Financial advisors use of social media leads to significant new business : Blogs on the way
You can add another regulated industry to the legal profession which is overcoming its fear of using social media for business development.
Jennifer Hoyt Cummings (@BrokersWorld) reports in this morning’s Wall Street Journal’s Deal Journal that effectively using social media can lead to substantial new business for financial advisors.
Morgan Stanley Smith Barney adviser Mark Scribner one day noticed that a business acquaintance he hadn’t spoken to in 15 years had checked out his LinkedIn profile.
Scribner called the acquaintance, mentioned LinkedIn, and within days was handling a large life insurance policy for the man’s boss. Later, the acquaintance sent him a $2.6 million 401(k) rollover account to handle.
Scribner, who manages about $65 million in client assets and joined Morgan Stanley Smith Barney last January after working for LPL Financial, would never have thought to reach out to this man if he hadn’t seen him on LinkedIn, he says.
A few minutes a day on LInkedIn and Twitter have helped Scribner big time. Look at what he shared with Cummings.
- Twitter and LinkedIn have helped him land new clients and keep in better touch with existing ones.
- Though Morgan Stanley has caught some flak for by only allowing advisers to choose from a library of canned Tweets, Scribner likes the preapproved tweets because they take pressure off of him. A few times he’s wanted to create his own tweets and was able to get approval for those in about a day.
- Nearly all of his posts on Twitter, even when generated by the company, lead to a phone call from one of his clients, often just because seeing his name reminded them that they wanted to talk to him.
- About seven years ago he tried to establish a referral relationship with a lawyer without success. He recently noticed the lawyer had started following his Twitter handle, @mscribnerMSSB, and soon after, the lawyer referred him a large estate planning case.
Over the last few years, I have talked with many financial advisors and marketing/communications agencies working for them about the use of blogs and other social media. I’ve always been told that, unlike their colleagues in the legal industry, there is no way financial advisors can use social media and blogging for business development. Regulations and the need to vet everything prevent it.
It was just this spring that I shared word with them that Morgan Stanley was the first financial company to use social media, allowing its advisers full use of LinkedIn and limited use of Twitter.
Like the legal profession a few years ago, Cummings reports more than a third of advisers think social media isn’t worth their time, citing a recent survey of financial advisers use of social media by Aite Group a research and advisory firm for the financial services industry.

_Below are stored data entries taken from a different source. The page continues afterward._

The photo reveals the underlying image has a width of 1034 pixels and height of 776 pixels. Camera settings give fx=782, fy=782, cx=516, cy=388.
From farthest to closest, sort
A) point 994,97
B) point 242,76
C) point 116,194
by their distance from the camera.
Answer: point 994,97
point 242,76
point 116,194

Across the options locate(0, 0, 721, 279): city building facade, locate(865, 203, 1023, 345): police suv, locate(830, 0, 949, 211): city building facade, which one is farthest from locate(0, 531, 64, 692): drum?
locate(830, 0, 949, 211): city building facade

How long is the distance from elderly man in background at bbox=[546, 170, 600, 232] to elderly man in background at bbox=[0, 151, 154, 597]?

Scribner is not buying it. As he told Cummings, “People are asking for it. It’s either adapt or be removed.”
As with large law firms, we’re going to see financial advisors use blogs in a big way to share their insights.
- It’ll cost less than formatting and distributing otherwise.
- The insight will be more timely.
- Greater chance that their content will be included in Google News.
- RSS feeds from blogs will allow investors, reporters, and bloggers subscribing to key words and phrases on Google Blog Search and Google News to pick up their materials without even being a subscriber.
- Blogs will mean much greater sharing of their insight via LinkedIn, Twitter, and Facebook. It’s this social sharing that serves as oxygen to the moving of information today.
- RSS feeds will enable the busiest people who have harnessed Google Reader and other RSS readers to get their materials in the way they want it.
- RSS feeds will enable distribution on mobile devices on apps such as Flipboard, Zite, and the like.
- Individual investment officers and strategists, already being given author attribution in existing free online content, will have their names cited around the net on blogs, news sites, Twitter, and LinkedIn.
Heck Morgan Stanley’s Global Investment Committee already sends out its Investor Insights reports through its Twitter handle, @MSSB_GIC. A blog could could easily replace or supplement the present web page format for Investor Insights.
Like the legal industry, the financial services sector has been going through a lot of upheaval. Those companies who adapt to what their customers are looking for and where the world is going will be well ahead of the game.